### [LISTED RECORDS]
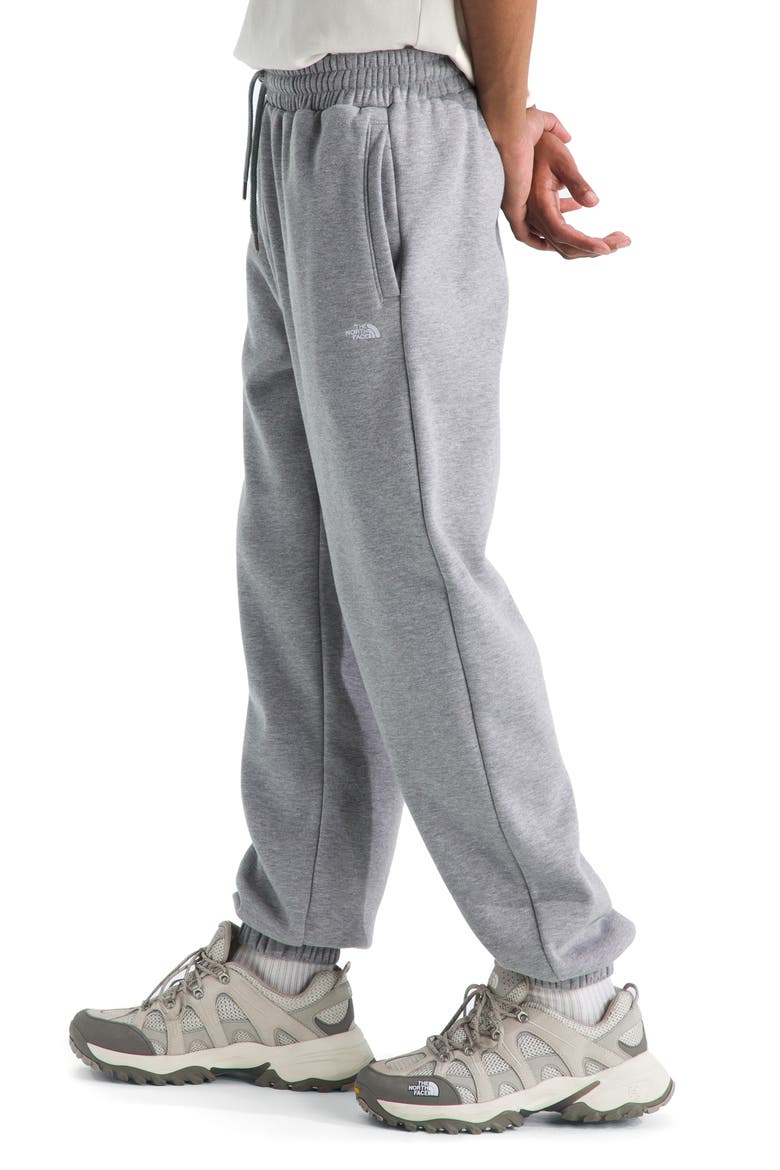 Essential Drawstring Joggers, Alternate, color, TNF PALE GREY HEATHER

* * *

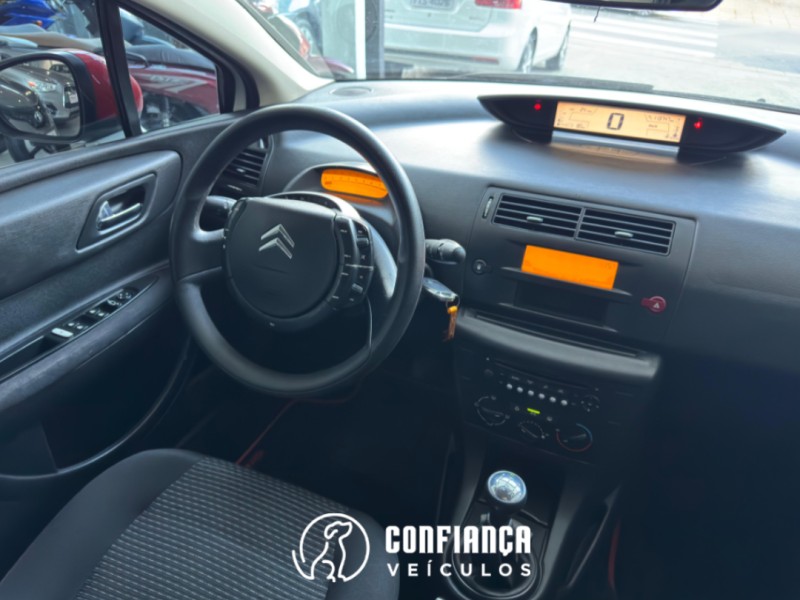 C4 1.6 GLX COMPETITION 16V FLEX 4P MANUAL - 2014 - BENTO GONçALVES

---

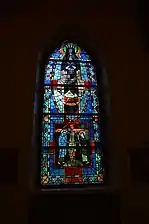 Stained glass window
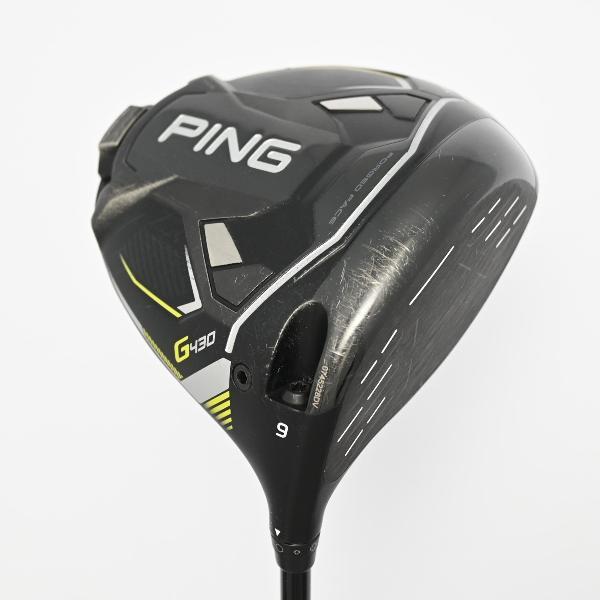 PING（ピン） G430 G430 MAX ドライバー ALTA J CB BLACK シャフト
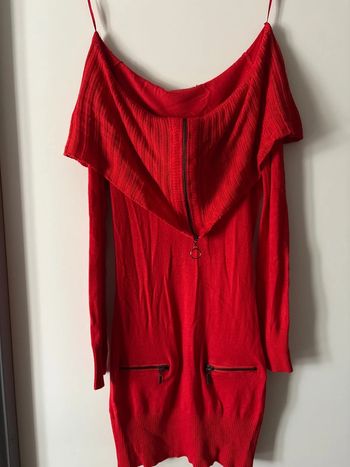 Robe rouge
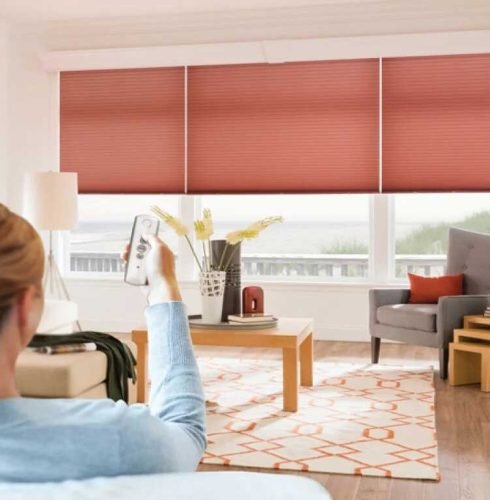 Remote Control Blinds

### [TRY IT]
Exactly as written above, retype the lines starting at the one holding "Stained glass window" and ending at the one holding "Remote Control Blinds", both included, but not the pictures.

### [RESULT]
 Stained glass window
 PING（ピン） G430 G430 MAX ドライバー ALTA J CB BLACK シャフト
 Robe rouge
 Remote Control Blinds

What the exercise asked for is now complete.